COGA was designed during the linkage era to identify genes affecting the risk for alcohol use disorder (AUD) and related problems, and was among the first AUD‐focused studies to subsequently adopt a genome‐wide association (GWAS) approach. COGA’s family‐based structure, multimodal assessment with gold‐standard clinical and neurophysiological data, and the availability of prospective longitudinal phenotyping continues to provide insights into the etiology of AUD and related disorders. These include investigations of genetic risk and trajectories of substance use and use disorders, phenome‐wide association studies of loci of interest, and investigations of pleiotropy, social genomics, genetic nurture, and within‐family comparisons. COGA is one of the few AUD genetics projects that includes a substantial number of participants of African ancestry.

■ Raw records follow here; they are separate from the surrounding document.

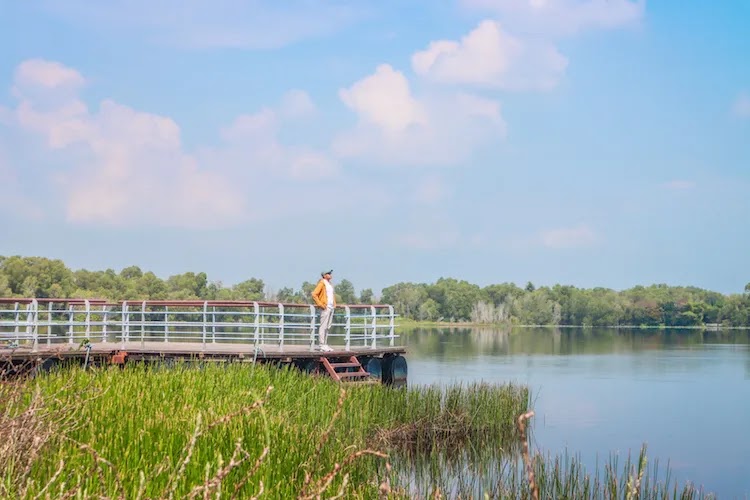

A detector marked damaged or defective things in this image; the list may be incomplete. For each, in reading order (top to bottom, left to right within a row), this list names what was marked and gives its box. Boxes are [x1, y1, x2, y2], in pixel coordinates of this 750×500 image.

rusty metal pier [1, 298, 412, 384]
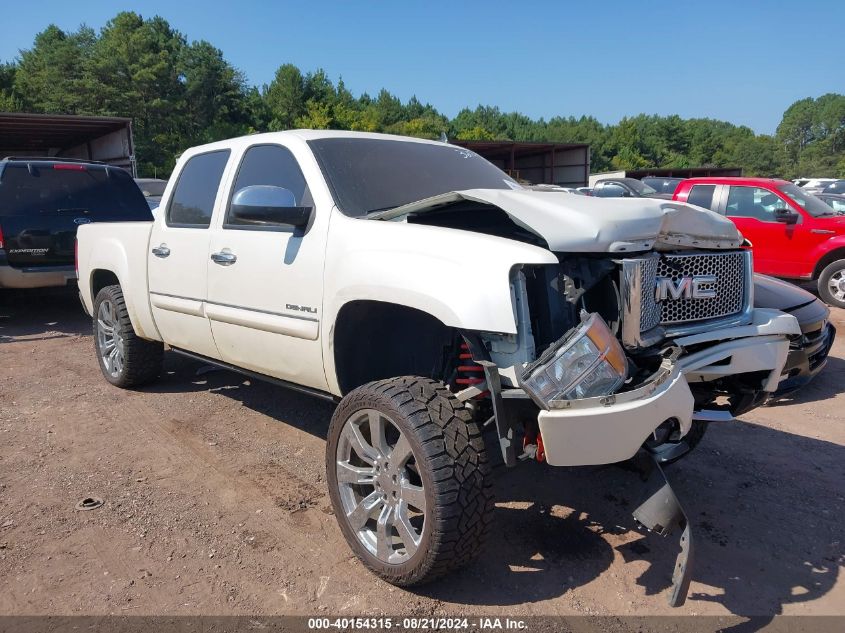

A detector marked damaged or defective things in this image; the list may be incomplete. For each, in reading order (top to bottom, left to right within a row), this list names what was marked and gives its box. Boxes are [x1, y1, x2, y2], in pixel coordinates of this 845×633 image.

crushed hood [372, 188, 740, 252]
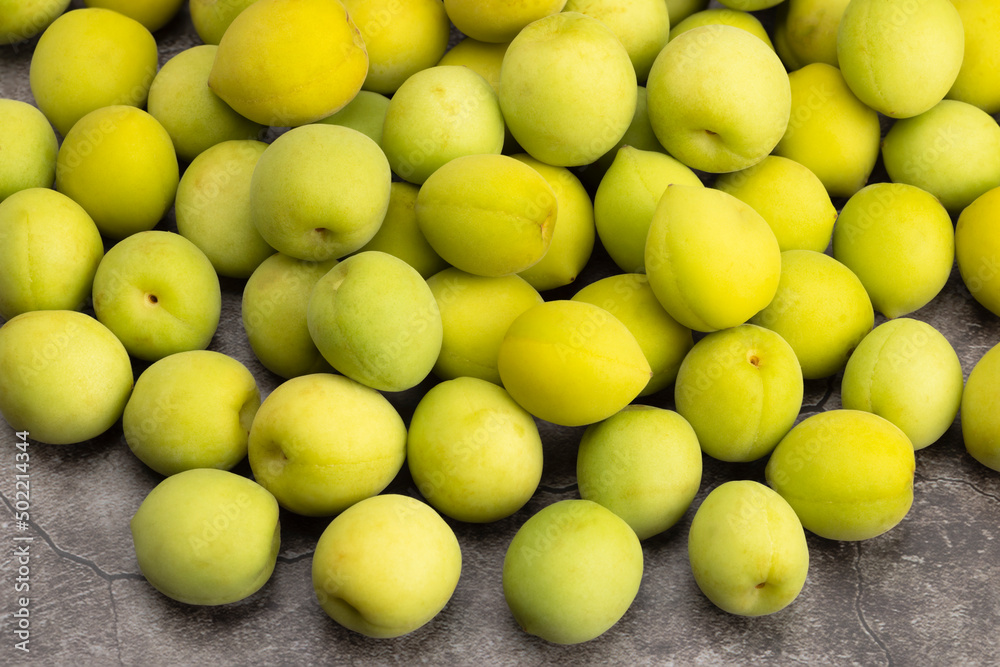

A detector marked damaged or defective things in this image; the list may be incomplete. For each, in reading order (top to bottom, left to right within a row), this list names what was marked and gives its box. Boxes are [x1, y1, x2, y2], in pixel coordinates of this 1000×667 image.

crack in concrete [0, 488, 146, 580]
crack in concrete [916, 474, 1000, 506]
crack in concrete [856, 544, 896, 667]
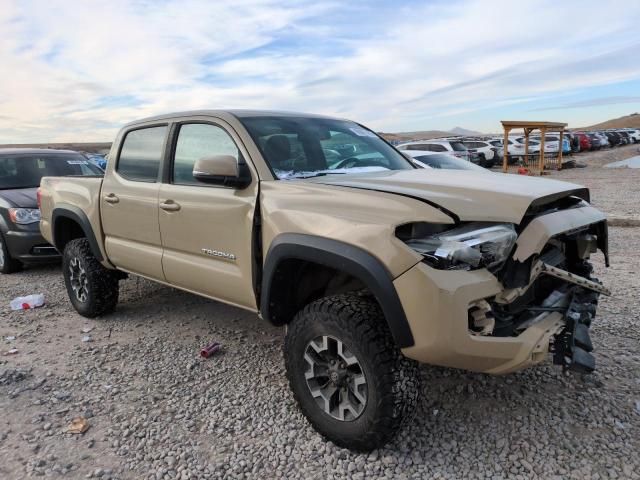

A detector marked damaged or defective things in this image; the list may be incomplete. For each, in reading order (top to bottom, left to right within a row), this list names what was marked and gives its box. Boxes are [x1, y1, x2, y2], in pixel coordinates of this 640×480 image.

broken headlight [402, 224, 516, 272]
crumpled front bumper [396, 202, 608, 376]
damaged front end [470, 197, 608, 374]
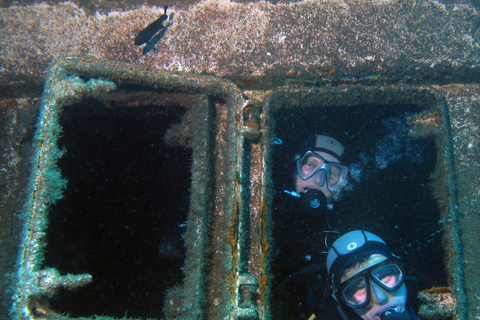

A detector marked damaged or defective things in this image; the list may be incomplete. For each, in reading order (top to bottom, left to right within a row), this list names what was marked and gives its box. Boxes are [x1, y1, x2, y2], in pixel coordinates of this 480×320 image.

corroded metal hatch [10, 57, 462, 320]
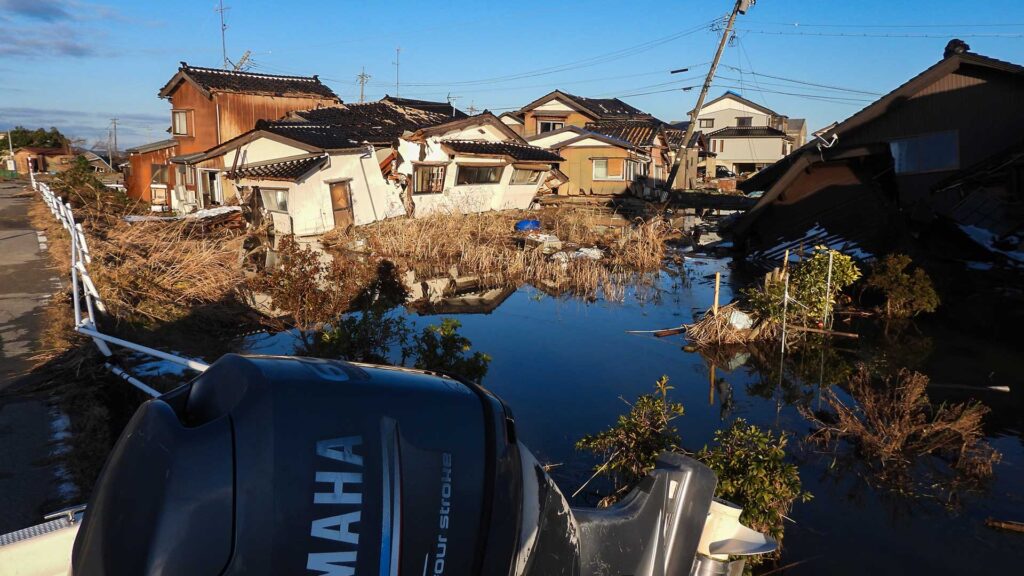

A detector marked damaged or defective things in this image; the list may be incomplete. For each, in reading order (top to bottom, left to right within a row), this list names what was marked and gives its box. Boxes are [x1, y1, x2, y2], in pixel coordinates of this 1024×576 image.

damaged roof [158, 63, 338, 100]
damaged roof [284, 102, 452, 145]
damaged roof [226, 154, 326, 181]
damaged roof [440, 141, 564, 163]
damaged fence [31, 178, 210, 398]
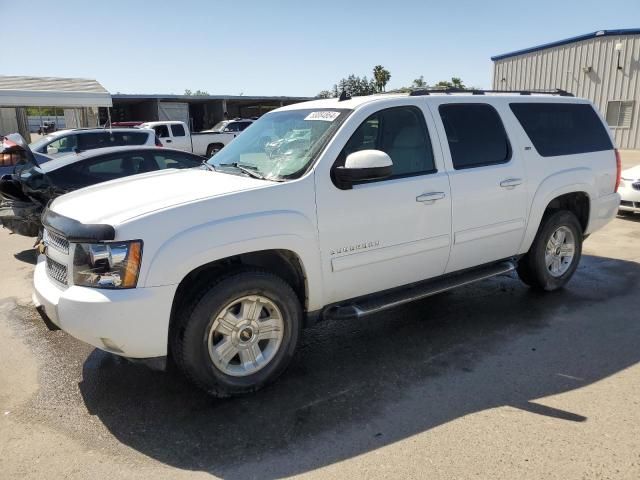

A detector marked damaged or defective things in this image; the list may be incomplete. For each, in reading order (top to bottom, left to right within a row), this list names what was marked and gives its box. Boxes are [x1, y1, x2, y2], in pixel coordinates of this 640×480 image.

damaged vehicle [0, 135, 204, 236]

Blood samples were obtained for genomic data generation and were also immortalized as cell lines in the NIAAA/COGA Sharing repository (see 4. Genetics for details). This rich database has grown over the past three decades via the phased recruitment of additional families or family members and longitudinal follow‐up of participants. For example, the COGA prospective study gathered longitudinal assessments of adolescent and young adult offspring from the families. More recently, recognizing the numerous changes including marriage, divorce, childbirth and career transitions that can significantly impact the course of alcohol use, AUD and remission, COGA has focused on longitudinal data collection of those in mid‐life (30–40s). In addition, because heavy drinking can exacerbate age‐related physical and neurocognitive problems, interact with medications, and cause falls genetics of alcohol use disorder national institute on alcohol abuse and alcoholism niaaa and accidents, especially in older adults, a longitudinal follow‐up of COGA participants aged 50 and older is in progress. Of note, assessments, interviewer training and data cleaning are standardized across all sites, with some variations in assessment driven by individual institutional IRB criteria.
Table 1. Criteria for alcohol use disorders.
As shown in Figure 2, the proportion of families where more than half of the members met criteria for AUD ranged from 51% to 57%. Both probands and family members were characterized with age‐appropriate assessments, including a standardized diagnostic instrument designed by COGA, the Semi‐Structured Assessment for the Genetics of Alcoholism (SSAGA),10, 11 administered by trained interviewers. Additional questionnaires (e.g., personality, family history and home environment) were also administered (see 2. Sample and Clinical Data for details). Given the focus on brain‐related phenotypes, COGA collected neurocognitive and neurophysiological measures using EEG and ERP/EROs (Event‐Related Potentials/Event‐Related Oscillations; see 3. Brain Function for details).